Work task
With the pictures removed, write out the data below exactly.

Saved entries

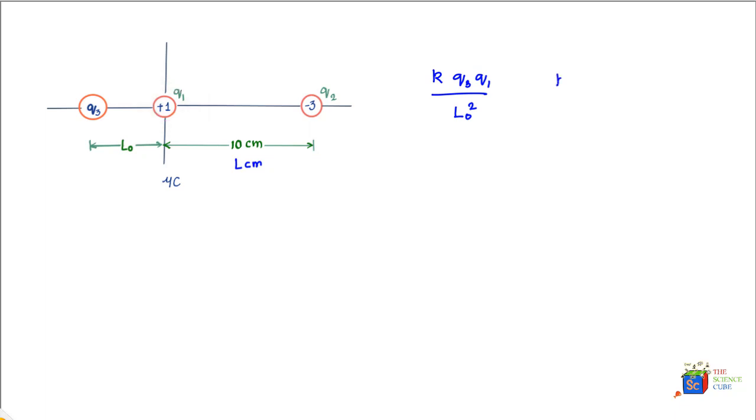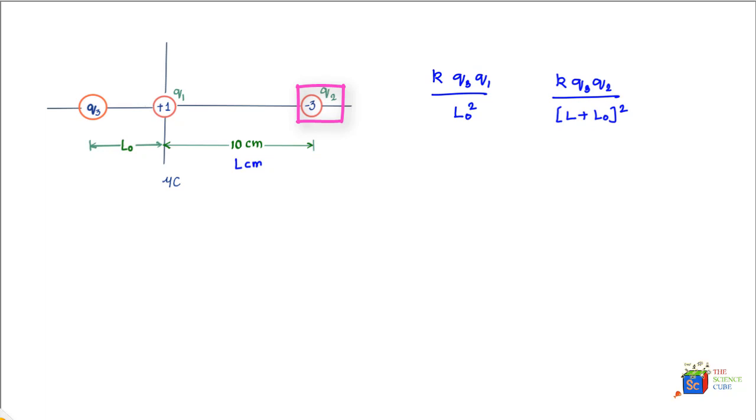k times q3 into q2 divided by (L + L₀) whole squared. Now these are the absolute values of the forces on q3 on account of q1 and q2. If you subtract this, if you take the difference, it should equal zero. And you would now realize that it doesn't really matter what is the sign of q3 because it tends to cancel off.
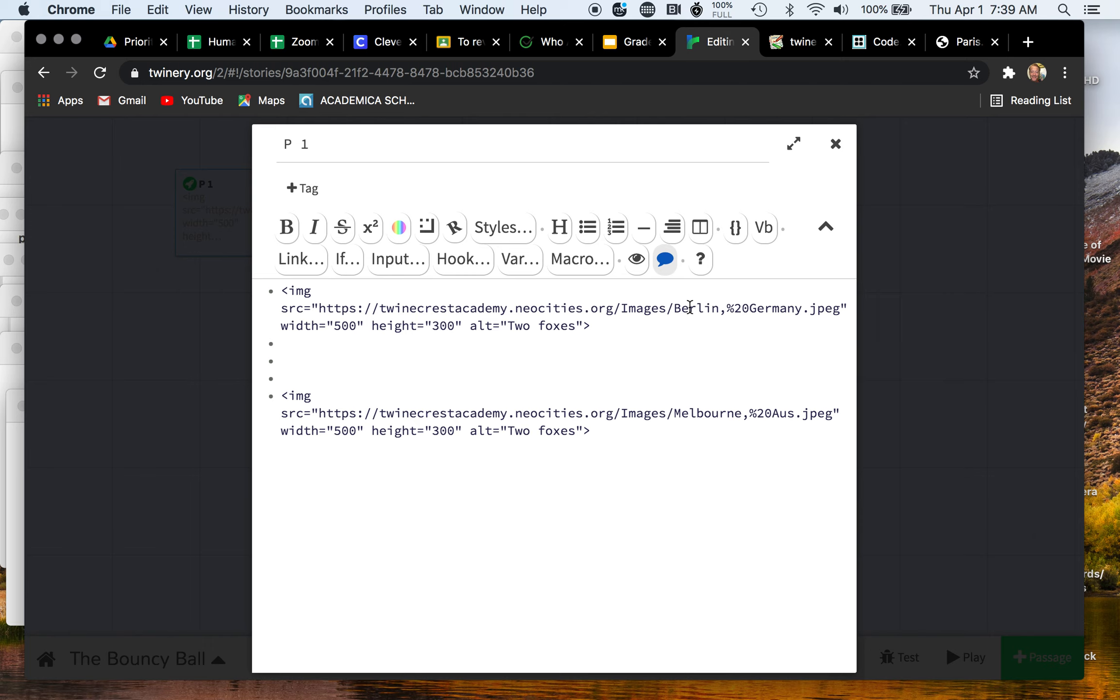So the way you do that, just get a couple spaces here. I see this first picture I have is Berlin, Germany. So whatever the name of that city is of that image, just type in the name of that city. So Berlin, Germany.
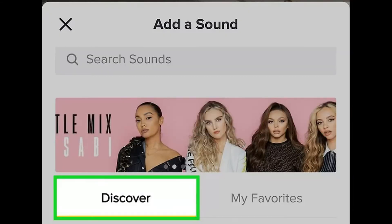Step 4: Select popular songs to hop on growing trends. Click the Discover tab to find popular trends. Watch the first 5 to 15 TikToks in the trending section at the beginning of every day to see if there are any new songs that users have latched on to. If there is a fresh trend relating to a new song, incorporate it into your daily video so that you show up when other users search that tag later in the day.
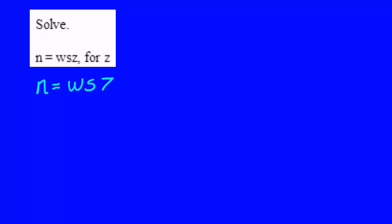z is acting like x. We're going to solve for z and treat n, w, and s as though they were numbers.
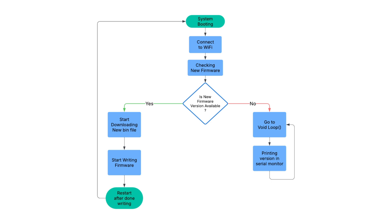There is a function that will call which is checking if there is a new firmware version available. If yes, then it will start downloading the bin file.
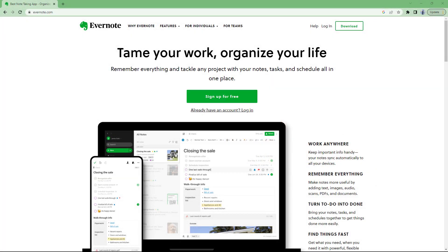Evernote is a free-to-use and powerful note-taking application that allows you to take and manage notes so that you can easily search and find your notes, manage tasks, and maintain schedule all in one place.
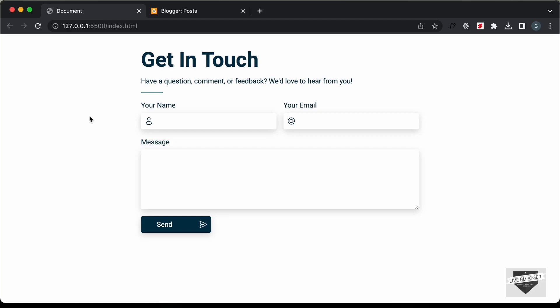Hi everybody, welcome to Live Blogger. In this video, I'll show you how to add this custom contact us page to your blogger website. Now, if you want to learn how to design this from scratch using HTML, CSS and JavaScript, I have videos on that. I will leave the link in the description of this video. Now, let me show you how it works.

Task response
k times q3 into q2 divided by (L + L₀) whole squared. Now these are the absolute values of the forces on q3 on account of q1 and q2. If you subtract this, if you take the difference, it should equal zero. And you would now realize that it doesn't really matter what is the sign of q3 because it tends to cancel off.
So the way you do that, just get a couple spaces here. I see this first picture I have is Berlin, Germany. So whatever the name of that city is of that image, just type in the name of that city. So Berlin, Germany.
Step 4: Select popular songs to hop on growing trends. Click the Discover tab to find popular trends. Watch the first 5 to 15 TikToks in the trending section at the beginning of every day to see if there are any new songs that users have latched on to. If there is a fresh trend relating to a new song, incorporate it into your daily video so that you show up when other users search that tag later in the day.
z is acting like x. We're going to solve for z and treat n, w, and s as though they were numbers.
There is a function that will call which is checking if there is a new firmware version available. If yes, then it will start downloading the bin file.
Evernote is a free-to-use and powerful note-taking application that allows you to take and manage notes so that you can easily search and find your notes, manage tasks, and maintain schedule all in one place.
Hi everybody, welcome to Live Blogger. In this video, I'll show you how to add this custom contact us page to your blogger website. Now, if you want to learn how to design this from scratch using HTML, CSS and JavaScript, I have videos on that. I will leave the link in the description of this video. Now, let me show you how it works.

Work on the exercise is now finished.